►

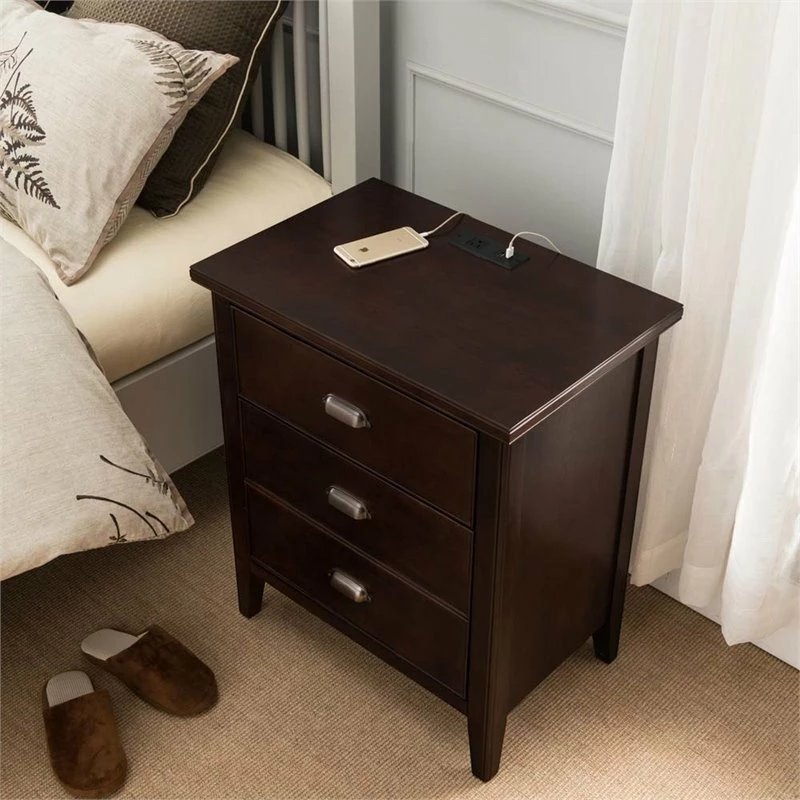 Cheapest 💯 Leick Home Leick Laurent 3 Drawer Nightstand With USB Outlets In Chocolate Cherry 🎁 - Image 5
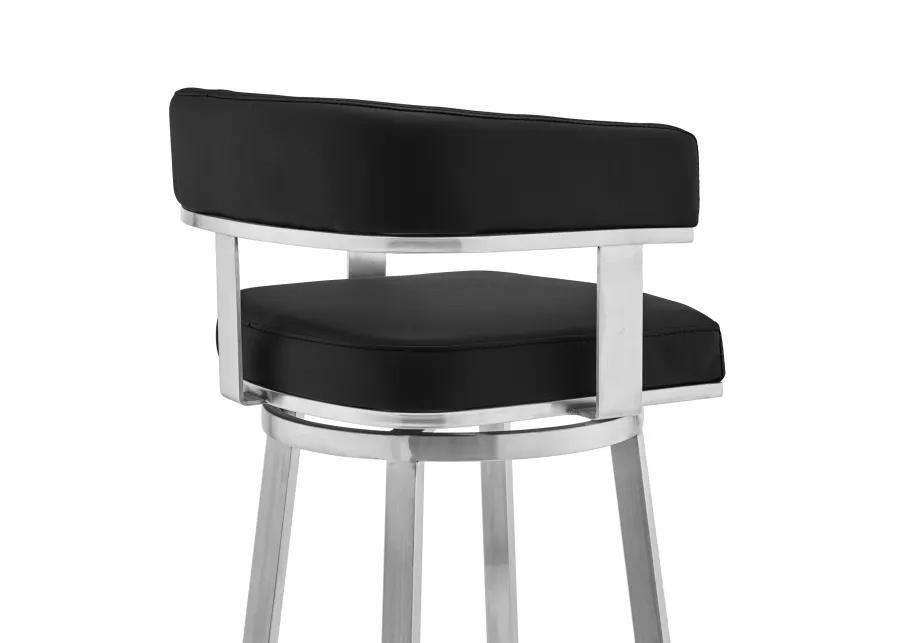 Cohen 26" Black Faux Leather and Brushed Stainless Steel Swivel Bar Stool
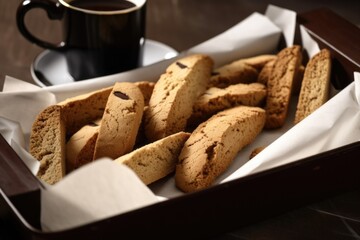 tray of freshly baked biscotti, ready to be eaten with a cup of hot coffee, created with generative ai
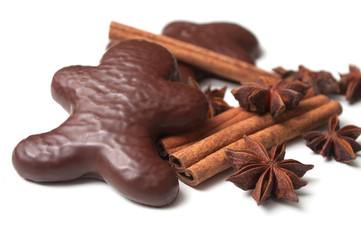 closeup of christmas gingerbread chocolate coated biscuit in shaped man with anise flower and cinnamon stick on white background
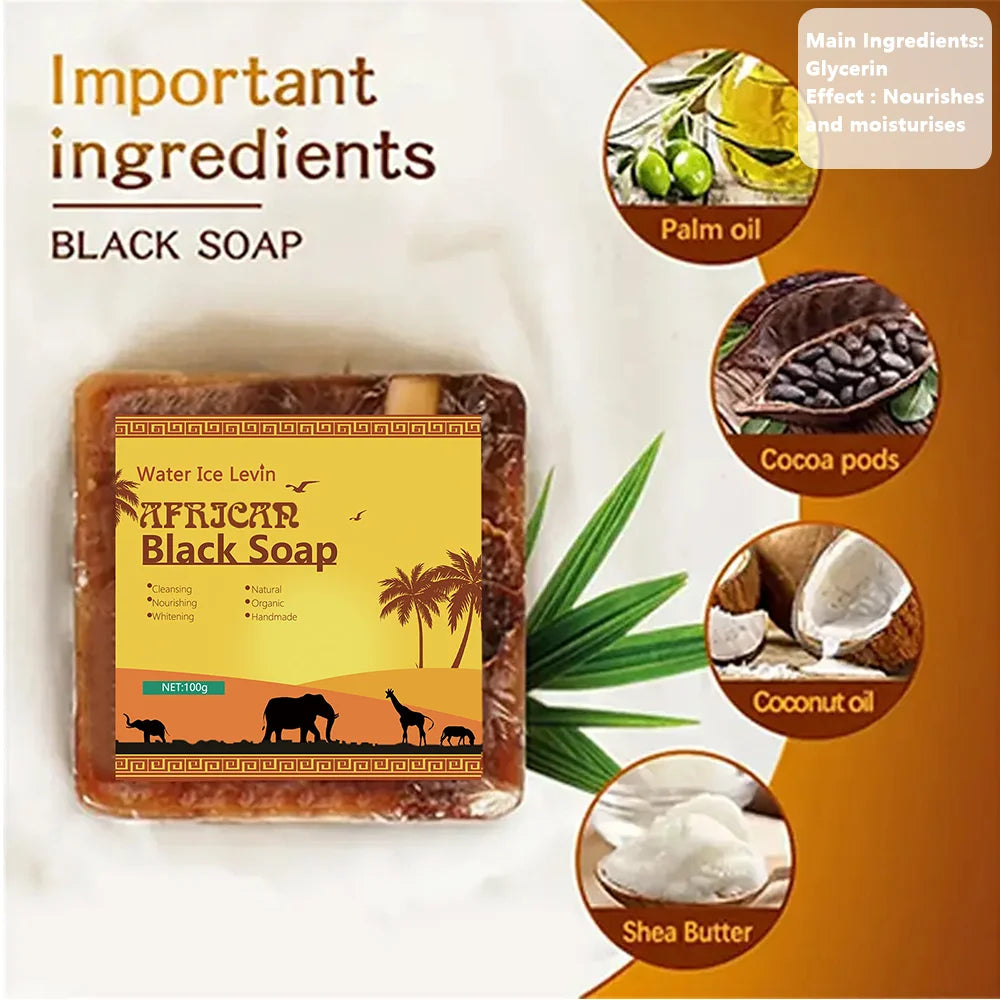 African Black Soap Acne Treatment Deep Cleansing Exfoliating Face Soap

◄

What is being asked: Your answer should hold only the lines from the line with "tray of freshly" through the closing line of the records, restated exactly and free of pictures.

Finished task:
 tray of freshly baked biscotti, ready to be eaten with a cup of hot coffee, created with generative ai
 closeup of christmas gingerbread chocolate coated biscuit in shaped man with anise flower and cinnamon stick on white background
 African Black Soap Acne Treatment Deep Cleansing Exfoliating Face Soap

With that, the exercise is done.